Mas pior que a habituação ao absurdo são os erros que não se denunciam: ao contrário do que intuo que actualmente sucede com a eutanásia, não duvido que a esmagadora maioria dos portugueses rejeita o que está a acontecer com as crianças nas escolas no âmbito da chamada autodeterminação de género mas cala-se. Então porquê o silêncio? Porque é muito mais difícil ser tratado como herege do que como opositor.

Quando se debatem ideias e projectos está-se entre pessoas que fazem diferentes escolhas. Mas aquilo em que estamos não é isso. O que temos são fiéis de uma religião laica que têm a certeza sobre o que será o futuro e que em cada opinião divergente vêem um empecilho nessa marcha para um paraíso que dizem glorioso.
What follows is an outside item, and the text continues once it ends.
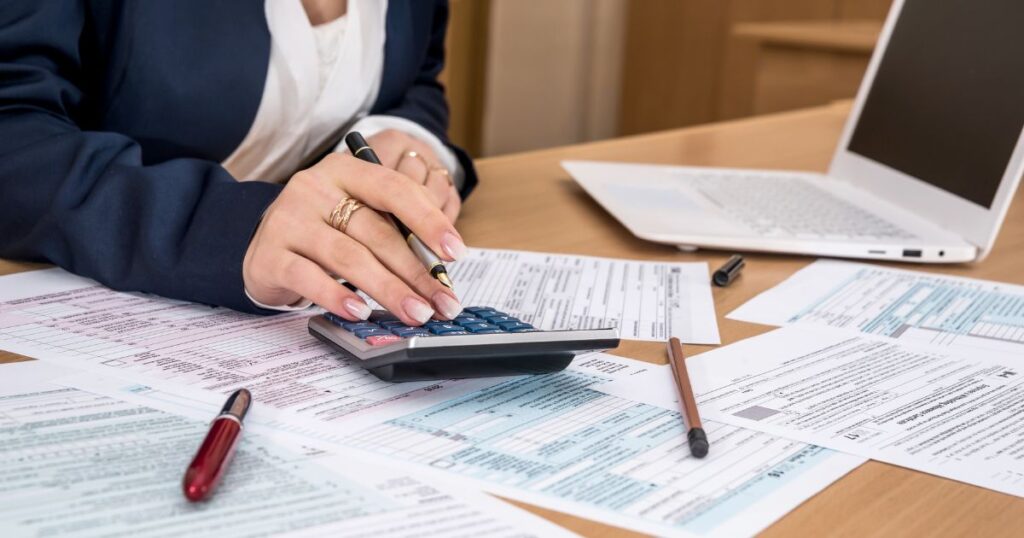 10 Tax Preparation Tips Every Small Business Owner Must Know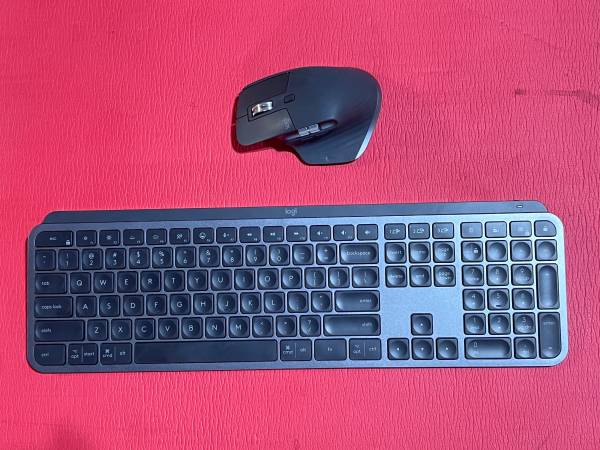 Logitech MX Keys para empresas, ratón inalámbrico Logitech MX Master 3 - 125 $ (San Dimas)63471262259073120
Por mais impopular que seja escrevê-lo eu não quero cumprir Abril. Eu quero poder escolher.

PS 1. As manifestações dos activistas que alegamente pretendem salvar o clima, o planeta ou ambas as coisas pecam por defeito.  Em primeiro lugar, os referidos activistas, em coerência com a exigência que apresentam de que façamos a transição até 2025 para energias renováveis — eles garantem que “está comprovado” que isso é possível —, passam, já no ano de 2023 (eles são apenas uns activistas, não um país inteiro), a deslocar-se prescindindo do fóssil e seus derivados. Logo dizem adeus aos autocarros, automóveis e a todos e quaisquer veículos, eléctricos incluídos, a não ser que possam garantir que a energia dos mesmos é renovável. O mesmo se deve aplicar aos jornalistas-activistas que os entrevistam, também eles imbuídos da fé de que só a perfídia do capitalismo impede que se passe já para as energias renováveis.
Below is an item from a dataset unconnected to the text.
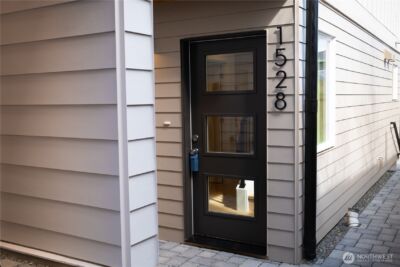 1528 25th Avenue , Seattle, WA 98122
Para o fim um pedido aos activistas: na próxima actividade vão amarrar-se aos muros da embaixada da China, em Lisboa. O sítio é bonito e, acrescento eu, aprazível para se ficar amarrado. Como devem saber os incensados activistas, a China não só tem muita prática a lidar com pessoas amarradas como está a aprovar a construção de centrais de carvão ao impressionante ritmo de duas por semana. Estão a perceber: duas por semana! Em 2021, Portugal, esse gigante poluidor mundial, fechou a única central a carvão que tinha em funcionamento. Quanto mais não seja os activistas podem explicar ao senhor embaixador Zhao Bentang que a China pode muito bem seguir o nosso exemplo.

PS 2. Quem tiver seguido as reportagens sobre a preparação dos activistas do “Fim ao fóssil” para a acção em Sines constata que os ditos activistas treinam como “romper bloqueios policiais” e “ser retirado nos braços dos agentes“. Traduzindo, os ditos activistas aprendem a forçar uma intervenção policial para em seguida conseguirem imagens para as televisões e redes sociais. Esta espécie de escola de activismos funciona no antigo quartel da GNR de Cabeço de Bola, em Lisboa. O quartel ficou desactivado e será no futuro dedicado à habitação. Enquanto tal não acontece está devoluto e, como não podia deixar de ser, logo apareceu uma petição em que “cidadãos em várias condições de vulnerabilidade social, como situações de sem abrigo, situações de refúgio, com vários grupos de activistas pelas questões climáticas, questões de género” vieram garantir que aí “coabitam com uma grande e diversa comunidade”. Onde é que a formação em “romper bloqueios policiais” e “ser retirado nos braços dos agentes” entra neste cenário idílico pago por nós é que não estou a perceber.